Over the past few years, we have run across some teams who, for the goal of attaining maximum power, chose to run without an alternator. We started thinking about that and decided to see if there were any detrimental effects associated with varying levels of input voltage to the ignition system.

There are basically two types of ignition systems in use in stock car racing. There is the inductive ignition in which the current goes directly to the coil and then directly to the distributor. In this system, the magnitude of the output spark is directly proportional to the input voltage. So as the voltage becomes lower, the ignition spark becomes less, reducing the efficiency of the combustion process.

The other system is the CD, or capacitive discharge, ignition in which a capacitor stores electrical energy and releases it to the coil. In these systems, more or less voltage does not affect the magnitude of the ignition spark in a positive or negative way within a certain range.

Our primary focus is on the more popular CD system and how it is affected as the battery voltage becomes low. We thought we might see a negative effect, mainly with the longer races and over the course of an event through practice, heat races, and the main event, if the battery voltage became too low.

The inductive ignition systems should always run an alternator because they are directly affected by the level of input voltage. That means that the output ignition spark at the spark plug is only as intense as the input voltage. A lower voltage input means a less efficient combustion process. Having a topped-off battery means having the most horsepower.

To gain a better understanding of this subject, we consulted with industry experts and even ran an impromptu test at Jay Dickens' facility, where we tried different voltage levels while dynoing a motor. We asked several knowledgeable persons if they knew of anyone who had ever evaluated the relationship between input voltage and ignition efficiency. The recurrent answer was no. That surprised us somewhat. What if there was an effect? Wouldn't that be important to someone who was trying to decide whether or not to run an alternator?

WHAT THE EXPERTS SAY
Our first call was to Todd Ryden with MSD Ignition. We discussed the various types of ignition systems and how they might be affected by varying voltages associated with the absence of an alternator to replenish the battery power.

He told us that MSD had not run any tests of its own, but believed that the ignition output for the CD ignition, such as the MSD HVC-L unit, would be consistent over a wide range of voltages. "If we ran a 16-volt battery, we would see no increase in combustion efficiency and horsepower output over using a 12-volt battery," Ryden explained. In other words, the units keep the output consistent even though the input is not.

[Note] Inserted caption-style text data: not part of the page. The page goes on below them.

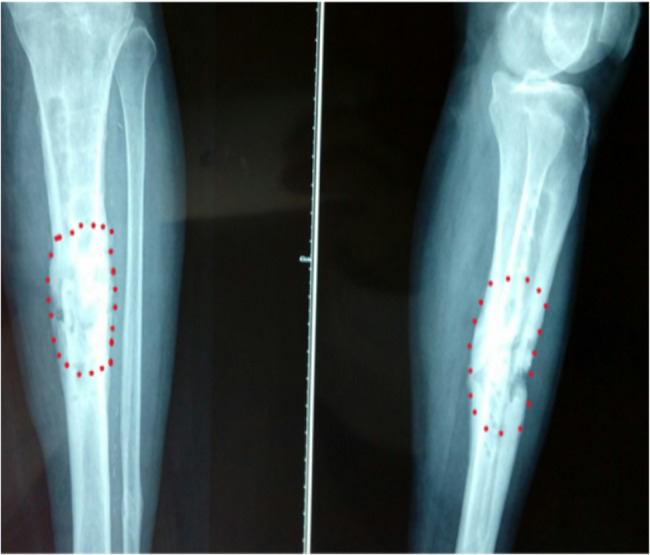 Study of the extent of surgical osteotomy in Cierny-Mader stages III and IV chronic osteomyelitis.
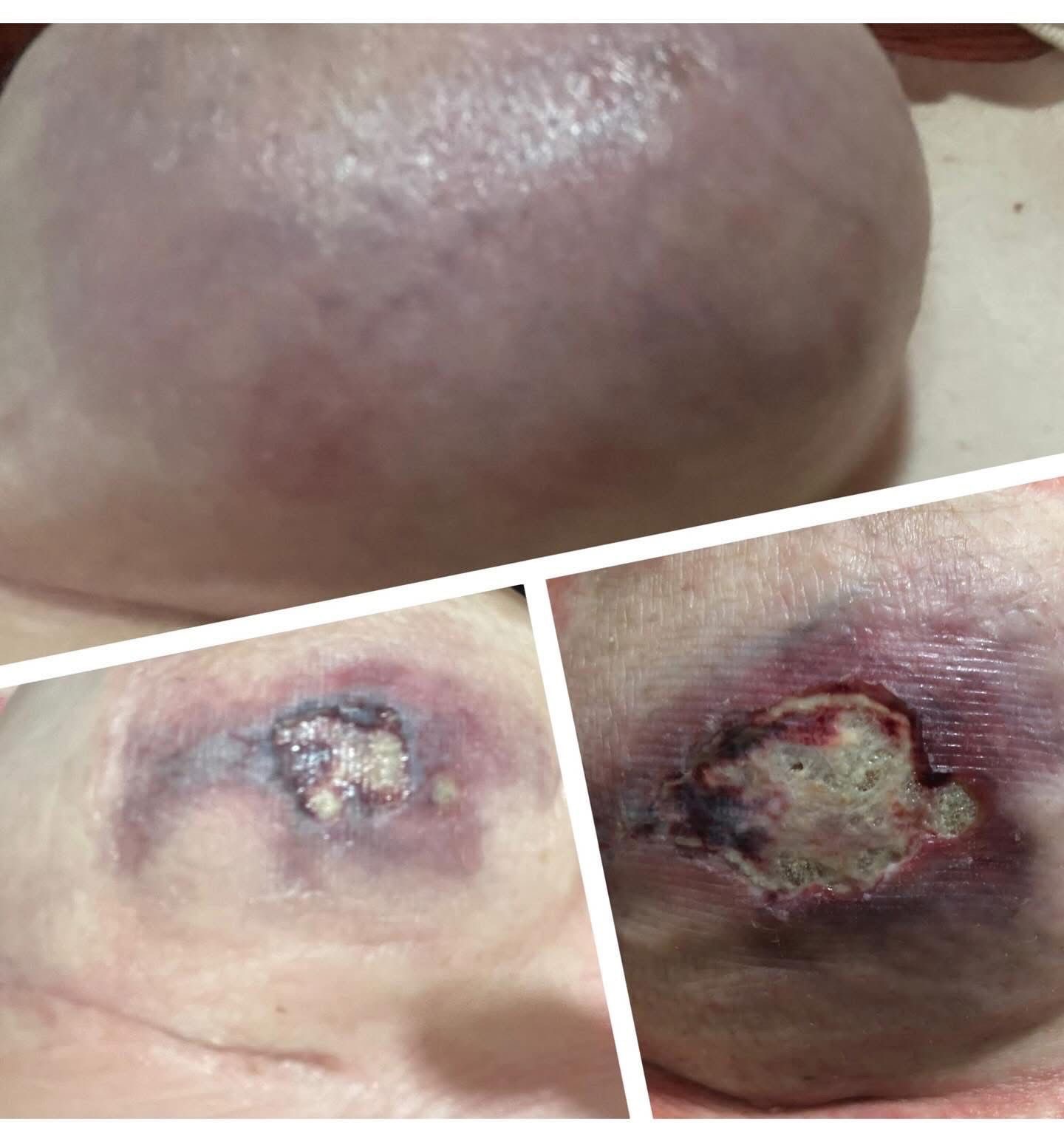 Aid Kátia's Breast Cancer Healing Journey in Brazil campaign photo, 2 of 7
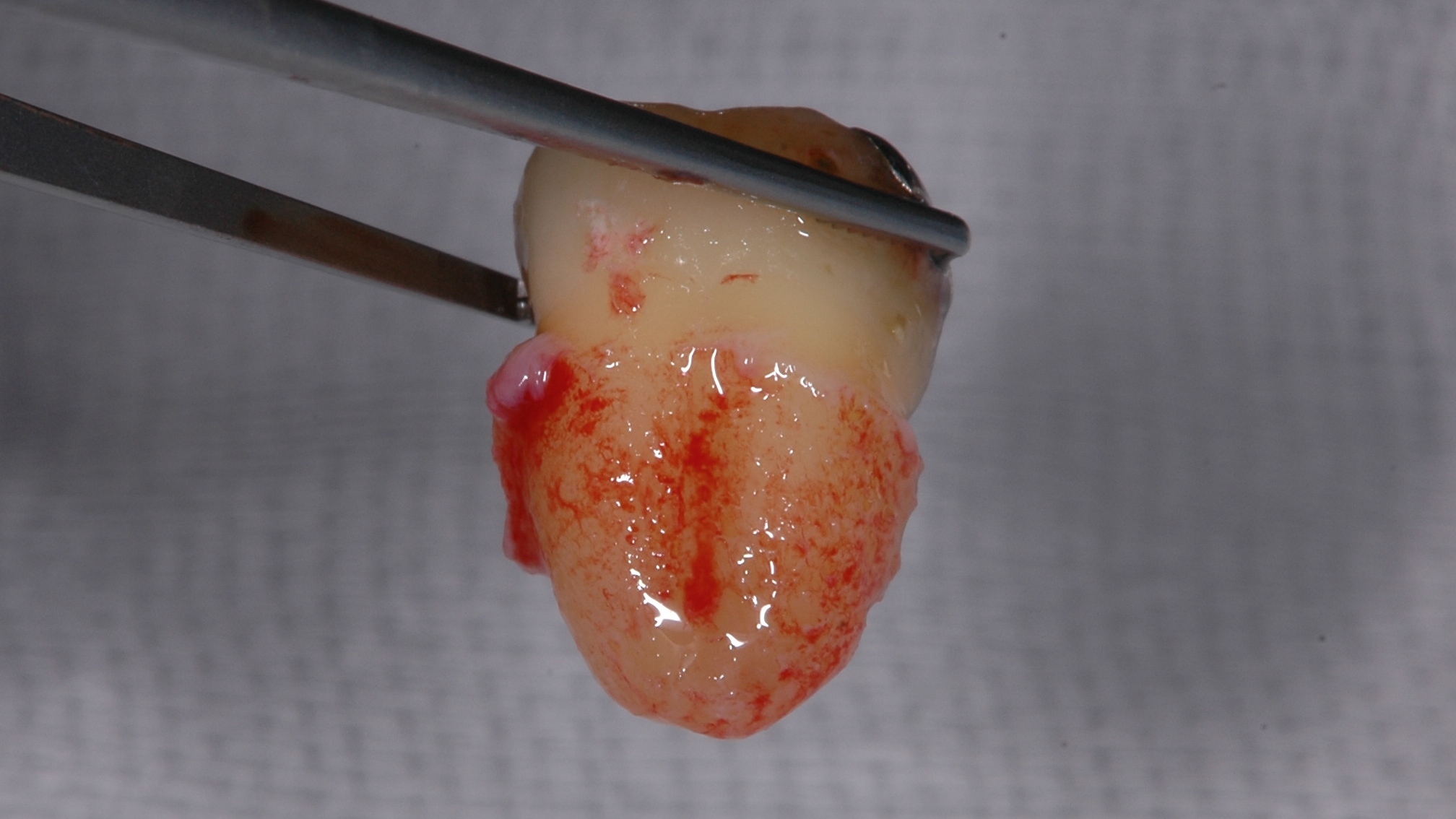 歯根膜がほぼ完璧に残っている親知らず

What does happen with a CD ignition system is that once the battery output goes below a certain voltage, the ability to release a substantial charge is affected and the system may not operate correctly.

We also spoke with Paul Lundquist, who runs MG Industries, a manufacturer of racing starters and high-output alternators. His take is that running without an alternator "is the wrong way to go." He brings up the matter of additional battery drain from using electric fans and fuel pumps, but his references are mostly concerning the inductive ignition systems.

On those systems, horsepower drops of 3 to 30 hp are not uncommon due to low voltage levels. The direct-induction ignitions are typi-cally designed to be used with 14.0 to 14.8 volts of input for maximum efficiency.

TESTING ON THE DYNO
Jay Dickens, an engine builder and contributor to Circle Track, ran a test at our request in which he dyno'd a high-horsepower dirt Late Model motor in phases. He was asked to try to find differences in horsepower as the battery that ran the ignition system was discharged.

The initial base run was done, as is customary in his shop, with a fully charged battery and a charging system attached to the battery. This ensured a full and consistent voltage output to the MSD 6ALN ignition system that was in use.

Once the horsepower curve was established, a battery was attached just to power the ignition system and not start the motor. This battery was not aided by a charging system, either. That battery was slowly drained after each run and the engine horsepower levels were noted. The first run was at 13.6 volts, and then backup runs were at 12.8 and 12.1 volts.